Are you using symbolic calculations, and specifically, are you using symbolic definite integrals? Richard

"Richard Jackson" wrote:

Are you using symbolic calculations, and specifically, are you using symbolic definite integrals? Richard

RichardJ
19-Tanzanite
(To:ptc-2979242)

Then all you can do is try to manage the memory better, which means understanding how Mathcad stores data and intermediate results. First, Mathcad is based on .NET, so when it needs a chunk of memory to store a matrix, that memory needs to be contiguous. So if you have big matrices, try and assign them earlier in the worksheet rather than later. Second, if you assign a matrix, say M, in a Mathcad worksheet, then do some calculations with it, and then reassign the matrix M lower down the worksheet, the two copies of M are different. The second assignment does NOT overwrite the first, because the first assignment is still needed by Mathcad for the calculations higher up the worksheet. Every time the contents of a worksheet variable are "changed", whether by assignment or calculation, a new copy of that variable is created (so they are not actually variables at all, they are constants, and their contents do not change). While this is true of variables at the worksheet level, it is not true of local variables in programs. The memory associated with a local variable in a program is freed as soon as the program exits. So try to keep the number of places where large arrays are created (either by assignment or calculation) at the worksheet level to a minimum. Put all the intermediate calculations you can in a program. Also try to minimize the number of steps in calculations at the worksheet level. A=B*C followed by D=A+E takes more memory than D=B*C+E. Richard

"Richard Jackson" wrote:

Then all you can do is try to manage the memory better, which means understanding how Mathcad stores data and intermediate results. First, Mathcad is based on .NET, so when it needs a chunk of memory to store a matrix, that memory needs to be contiguous. So if you have big matrices, try and assign them earlier in the worksheet rather than later. Second, if you assign a matrix, say M, in a Mathcad worksheet, then do some calculations with it, and then reassign the matrix M lower down the worksheet, the two copies of M are different.
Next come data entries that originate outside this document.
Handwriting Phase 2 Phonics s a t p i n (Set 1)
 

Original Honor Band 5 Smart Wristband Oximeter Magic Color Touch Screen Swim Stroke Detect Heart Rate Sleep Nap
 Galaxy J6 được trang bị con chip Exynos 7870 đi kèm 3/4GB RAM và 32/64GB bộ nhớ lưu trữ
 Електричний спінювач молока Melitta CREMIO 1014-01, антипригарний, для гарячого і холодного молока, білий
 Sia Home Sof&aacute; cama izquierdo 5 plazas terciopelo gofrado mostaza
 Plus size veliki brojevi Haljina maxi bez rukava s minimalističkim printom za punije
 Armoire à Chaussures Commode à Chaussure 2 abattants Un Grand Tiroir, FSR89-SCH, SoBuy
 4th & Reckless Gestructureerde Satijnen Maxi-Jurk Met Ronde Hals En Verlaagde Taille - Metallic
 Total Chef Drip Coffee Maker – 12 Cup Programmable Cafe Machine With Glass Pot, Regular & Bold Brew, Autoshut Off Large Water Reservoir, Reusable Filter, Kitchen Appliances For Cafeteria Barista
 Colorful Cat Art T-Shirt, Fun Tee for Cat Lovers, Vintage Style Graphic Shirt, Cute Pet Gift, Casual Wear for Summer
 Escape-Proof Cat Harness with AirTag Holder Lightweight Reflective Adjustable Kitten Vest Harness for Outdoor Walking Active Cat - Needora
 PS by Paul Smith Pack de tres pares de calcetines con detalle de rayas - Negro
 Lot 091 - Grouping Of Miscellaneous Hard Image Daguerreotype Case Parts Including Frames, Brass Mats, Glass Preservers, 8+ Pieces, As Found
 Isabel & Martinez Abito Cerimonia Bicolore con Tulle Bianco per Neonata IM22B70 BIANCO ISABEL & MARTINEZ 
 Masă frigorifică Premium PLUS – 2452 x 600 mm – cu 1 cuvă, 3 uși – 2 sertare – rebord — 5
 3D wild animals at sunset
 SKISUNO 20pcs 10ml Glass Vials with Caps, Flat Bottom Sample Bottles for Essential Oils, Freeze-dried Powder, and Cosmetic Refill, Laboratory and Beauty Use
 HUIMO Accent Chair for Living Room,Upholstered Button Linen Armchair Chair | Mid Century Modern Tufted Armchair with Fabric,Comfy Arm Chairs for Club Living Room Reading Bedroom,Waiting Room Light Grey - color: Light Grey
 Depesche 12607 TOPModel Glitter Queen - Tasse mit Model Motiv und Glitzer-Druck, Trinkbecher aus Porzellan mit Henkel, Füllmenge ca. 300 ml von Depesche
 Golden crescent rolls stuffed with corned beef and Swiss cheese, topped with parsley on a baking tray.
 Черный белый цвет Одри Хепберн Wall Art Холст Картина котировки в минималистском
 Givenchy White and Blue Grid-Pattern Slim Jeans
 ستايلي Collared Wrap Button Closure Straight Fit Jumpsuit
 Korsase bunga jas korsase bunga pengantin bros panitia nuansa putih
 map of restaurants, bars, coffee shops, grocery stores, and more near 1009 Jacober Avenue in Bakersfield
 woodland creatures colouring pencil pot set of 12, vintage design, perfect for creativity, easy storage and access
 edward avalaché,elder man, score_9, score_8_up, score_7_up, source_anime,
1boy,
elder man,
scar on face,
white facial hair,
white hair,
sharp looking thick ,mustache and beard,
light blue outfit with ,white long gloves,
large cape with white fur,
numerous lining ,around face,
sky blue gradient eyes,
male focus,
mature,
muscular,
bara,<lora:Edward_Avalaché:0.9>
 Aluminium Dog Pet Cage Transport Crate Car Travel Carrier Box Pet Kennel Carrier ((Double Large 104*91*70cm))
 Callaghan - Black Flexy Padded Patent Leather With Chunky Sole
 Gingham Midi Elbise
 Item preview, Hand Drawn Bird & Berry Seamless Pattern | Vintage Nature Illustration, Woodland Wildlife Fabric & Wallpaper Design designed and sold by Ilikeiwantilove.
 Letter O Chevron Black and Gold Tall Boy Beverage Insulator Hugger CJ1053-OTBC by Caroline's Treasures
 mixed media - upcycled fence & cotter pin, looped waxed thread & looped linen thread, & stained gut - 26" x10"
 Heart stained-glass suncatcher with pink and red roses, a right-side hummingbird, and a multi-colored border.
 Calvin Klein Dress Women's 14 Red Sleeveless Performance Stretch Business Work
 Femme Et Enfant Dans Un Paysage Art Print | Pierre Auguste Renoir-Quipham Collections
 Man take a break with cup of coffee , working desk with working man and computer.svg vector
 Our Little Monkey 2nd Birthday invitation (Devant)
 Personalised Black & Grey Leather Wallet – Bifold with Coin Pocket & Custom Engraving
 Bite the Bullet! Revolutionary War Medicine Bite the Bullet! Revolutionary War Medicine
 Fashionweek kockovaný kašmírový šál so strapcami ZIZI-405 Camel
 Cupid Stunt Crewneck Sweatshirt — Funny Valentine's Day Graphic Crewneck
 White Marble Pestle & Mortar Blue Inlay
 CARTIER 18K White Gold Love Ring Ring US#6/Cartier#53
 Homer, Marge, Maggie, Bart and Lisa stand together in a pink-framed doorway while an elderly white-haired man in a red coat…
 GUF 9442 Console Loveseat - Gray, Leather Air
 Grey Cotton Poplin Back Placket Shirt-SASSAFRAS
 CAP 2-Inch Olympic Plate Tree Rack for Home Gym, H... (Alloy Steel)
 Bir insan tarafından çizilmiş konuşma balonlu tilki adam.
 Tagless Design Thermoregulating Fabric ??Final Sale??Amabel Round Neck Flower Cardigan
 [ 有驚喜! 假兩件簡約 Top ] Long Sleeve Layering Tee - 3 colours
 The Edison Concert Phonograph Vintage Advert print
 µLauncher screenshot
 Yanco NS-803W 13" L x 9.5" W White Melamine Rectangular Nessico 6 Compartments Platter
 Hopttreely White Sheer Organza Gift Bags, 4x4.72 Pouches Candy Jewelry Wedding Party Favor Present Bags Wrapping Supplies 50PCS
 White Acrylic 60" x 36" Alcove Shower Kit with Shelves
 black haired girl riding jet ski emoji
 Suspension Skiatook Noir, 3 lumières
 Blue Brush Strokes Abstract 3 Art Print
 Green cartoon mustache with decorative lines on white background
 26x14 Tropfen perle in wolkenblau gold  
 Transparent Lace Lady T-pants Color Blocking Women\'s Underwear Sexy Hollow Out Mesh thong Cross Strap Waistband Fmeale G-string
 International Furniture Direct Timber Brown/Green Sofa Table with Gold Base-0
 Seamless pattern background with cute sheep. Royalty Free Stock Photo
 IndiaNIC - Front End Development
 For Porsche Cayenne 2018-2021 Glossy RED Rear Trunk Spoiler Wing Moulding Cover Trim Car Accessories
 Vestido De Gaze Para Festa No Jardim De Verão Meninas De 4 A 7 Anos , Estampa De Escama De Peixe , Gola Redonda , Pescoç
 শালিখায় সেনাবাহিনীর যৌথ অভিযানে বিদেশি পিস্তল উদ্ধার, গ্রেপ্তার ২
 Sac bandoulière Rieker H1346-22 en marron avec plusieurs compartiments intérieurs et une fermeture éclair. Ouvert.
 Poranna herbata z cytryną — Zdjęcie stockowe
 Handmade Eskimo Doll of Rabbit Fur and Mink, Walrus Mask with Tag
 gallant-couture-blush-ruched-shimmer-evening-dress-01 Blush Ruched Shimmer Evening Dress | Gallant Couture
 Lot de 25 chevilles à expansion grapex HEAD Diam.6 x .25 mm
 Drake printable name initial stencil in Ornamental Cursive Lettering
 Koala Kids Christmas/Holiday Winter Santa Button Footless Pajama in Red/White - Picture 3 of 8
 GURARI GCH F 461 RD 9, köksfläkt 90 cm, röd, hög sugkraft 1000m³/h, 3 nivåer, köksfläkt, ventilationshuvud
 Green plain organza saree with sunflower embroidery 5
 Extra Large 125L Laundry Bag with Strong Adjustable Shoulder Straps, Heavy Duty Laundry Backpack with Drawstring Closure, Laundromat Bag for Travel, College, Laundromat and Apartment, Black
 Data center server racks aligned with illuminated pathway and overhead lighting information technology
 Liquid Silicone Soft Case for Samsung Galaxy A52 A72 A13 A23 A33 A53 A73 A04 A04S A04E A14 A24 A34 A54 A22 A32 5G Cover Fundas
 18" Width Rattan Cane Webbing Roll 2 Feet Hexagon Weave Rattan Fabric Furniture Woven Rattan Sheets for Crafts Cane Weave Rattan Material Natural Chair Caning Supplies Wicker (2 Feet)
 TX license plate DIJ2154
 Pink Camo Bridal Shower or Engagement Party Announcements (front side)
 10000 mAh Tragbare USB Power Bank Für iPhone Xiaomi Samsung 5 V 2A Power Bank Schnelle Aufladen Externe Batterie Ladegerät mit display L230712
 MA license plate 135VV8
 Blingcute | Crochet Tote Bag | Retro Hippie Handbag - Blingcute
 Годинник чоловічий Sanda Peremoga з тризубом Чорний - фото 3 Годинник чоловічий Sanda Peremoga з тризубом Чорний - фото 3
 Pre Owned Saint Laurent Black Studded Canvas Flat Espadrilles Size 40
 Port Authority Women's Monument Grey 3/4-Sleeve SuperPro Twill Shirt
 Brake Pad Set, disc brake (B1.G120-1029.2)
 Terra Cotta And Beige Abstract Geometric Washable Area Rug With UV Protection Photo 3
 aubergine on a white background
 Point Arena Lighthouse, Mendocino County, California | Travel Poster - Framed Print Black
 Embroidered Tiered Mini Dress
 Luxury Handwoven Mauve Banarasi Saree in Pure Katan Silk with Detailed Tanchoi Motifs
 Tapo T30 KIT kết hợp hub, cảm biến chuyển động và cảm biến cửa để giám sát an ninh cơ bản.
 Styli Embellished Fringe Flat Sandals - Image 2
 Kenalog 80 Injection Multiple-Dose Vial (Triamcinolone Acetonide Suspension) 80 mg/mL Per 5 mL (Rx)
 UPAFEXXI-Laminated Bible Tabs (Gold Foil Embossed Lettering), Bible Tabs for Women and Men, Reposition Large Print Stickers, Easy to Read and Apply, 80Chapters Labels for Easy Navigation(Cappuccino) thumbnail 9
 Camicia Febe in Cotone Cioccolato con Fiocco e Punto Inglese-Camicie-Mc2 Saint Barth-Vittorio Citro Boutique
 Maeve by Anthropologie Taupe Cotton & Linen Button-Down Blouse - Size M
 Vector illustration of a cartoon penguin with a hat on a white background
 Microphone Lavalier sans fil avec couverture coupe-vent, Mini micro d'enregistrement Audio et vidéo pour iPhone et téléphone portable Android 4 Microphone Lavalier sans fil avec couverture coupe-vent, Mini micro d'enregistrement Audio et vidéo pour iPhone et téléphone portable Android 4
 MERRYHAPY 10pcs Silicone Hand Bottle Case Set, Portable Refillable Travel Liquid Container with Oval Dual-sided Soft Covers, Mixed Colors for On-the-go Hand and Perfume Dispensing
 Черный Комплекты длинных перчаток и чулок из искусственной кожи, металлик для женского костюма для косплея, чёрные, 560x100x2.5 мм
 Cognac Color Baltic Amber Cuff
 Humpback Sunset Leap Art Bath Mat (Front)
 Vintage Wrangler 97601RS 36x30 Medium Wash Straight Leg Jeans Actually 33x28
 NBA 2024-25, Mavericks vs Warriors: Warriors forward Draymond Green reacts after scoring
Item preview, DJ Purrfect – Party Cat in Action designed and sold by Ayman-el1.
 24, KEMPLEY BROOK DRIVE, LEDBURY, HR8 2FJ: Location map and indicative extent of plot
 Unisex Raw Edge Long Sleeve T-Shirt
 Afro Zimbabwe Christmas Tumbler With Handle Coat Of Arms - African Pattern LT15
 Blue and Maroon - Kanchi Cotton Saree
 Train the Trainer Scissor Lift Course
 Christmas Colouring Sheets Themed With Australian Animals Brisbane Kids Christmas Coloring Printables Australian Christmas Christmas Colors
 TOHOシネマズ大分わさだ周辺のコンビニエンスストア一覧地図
The second assignment does NOT overwrite the first, because the first assignment is still needed by Mathcad for the calculations higher up the worksheet. Every time the contents of a worksheet variable are "changed", whether by assignment or calculation, a new copy of that variable is created (so they are not actually variables at all, they are constants, and their contents do not change). While this is true of variables at the worksheet level, it is not true of local variables in programs. The memory associated with a local variable in a program is freed as soon as the program exits. So try to keep the number of places where large arrays are created (either by assignment or calculation) at the worksheet level to a minimum. Put all the intermediate calculations you can in a program. Also try to minimize the number of steps in calculations at the worksheet level. A=B*C followed by D=A+E takes more memory than D=B*C+E. Richard

RichardJ
19-Tanzanite
(To:ptc-2979242)

"andrea tasselli" wrote:

All these things I normally do although sometime (and this time) the end product of the calcs are the matrices themselves so there is no avoiding that. This, however, does not explain why the program won't let you gracefully exit

PTC technican told me that MathCAD 14 M020 has a serious memory leak problem. It is also limited to 1 GB or maybe 2 GB in memory for computation.